Lu, the newly appointed Ian and Jayne Munro Chair in Food Safety and a leader in the field of food safety and food microbiology, is excited to shift the research he started seven years ago to McGill’s Macdonald Campus.
“McGill has a great reputation, a strong agriculture program and excellent agri-food research facilities,” says Lu, who joined the university on August 1. “Macdonald Campus is also not far from the downtown campus, which allows me to connect with potential collaborators in engineering, chemistry and microbiology.”
A new approach
The issue of food safety gained prominence a decade ago, following a series of large-scale cases of food-borne illnesses and outbreaks. These events gave rise to stricter North American regulations pertaining to food safety and prompted more extensive investigation into microbial contamination and traceability—enter Dr. Lu.
“My research focuses on using digital information to improve the traceability system in order to better monitor the entire food chain and improve food safety. The use of digital technologies like cloud computing, blockchain, 5G and sensors can help drastically reduce the amount of time it takes to identify the source of food-borne outbreaks caused by pathogenic bacteria like Shiga-toxigenic E. coli, Salmonella and Campylobacter.”
And Lu’s novel approach to traceability isn’t the only thing that makes his lab unique. His postdoctoral experience in analytical chemistry has equipped him with the skills to build and customize his own research instruments, some of which may have good potential for future commercialization. With such a diverse research program offering, it’s no wonder that his research team has also made its way east to continue to learn and work alongside him.
Past, present and future
Researchers like Lu are catalysts of change, using science to help keep the food industry accountable, while also ensuring that the safety and quality of food continues to improve, to the benefit of consumers.
The 2019 NSERC Discovery Accelerator Award winner garnered national attention in 2018 when a survey he conducted revealed the prevalence of food fraud in Vancouver’s seafood market.
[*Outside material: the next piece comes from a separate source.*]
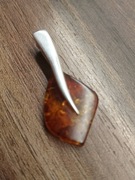 Srebrna zawieszka wisior z bursztynem 925 świeta slub + gratis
“We did a very interesting study using a technology called DNA barcoding, which allowed us to determine the actual species of fish being sold in Canadian grocery stores,” he says. “Most consumers buy fillets, so it’s easy for suppliers to substitute a cheap cut of fish for an expensive one—this is known as food fraud. Using molecular technology, we were able to identify that 25% of the fish sold in Metro Vancouver were actually mislabelled.”
And looking ahead, he has his sights set on more game-changing projects in the not-too-distant future, particularly in the area of food synthetic biology and cellular agriculture.
“Basically, we are going to use innovative technologies to produce real animal meat in the lab, increasing food sustainability and reducing CO2 release produced by conventional agriculture,” he explains. “It should be an exciting next several decades at McGill.”
A lasting impact
With high demand and interest in food safety from both industry and government, the future of the Chair looks very promising, and Lu hopes that his passion and dedication to the field will have a lasting impact.
“Food science is an applied major and the goal is to use what we learn in the lab and apply it to the industry. Ultimately, I hope our work can contribute to the improvement of the food safety system in Canada and help make it a more resilient, stronger and safer agri-food system for all Canadian consumers.”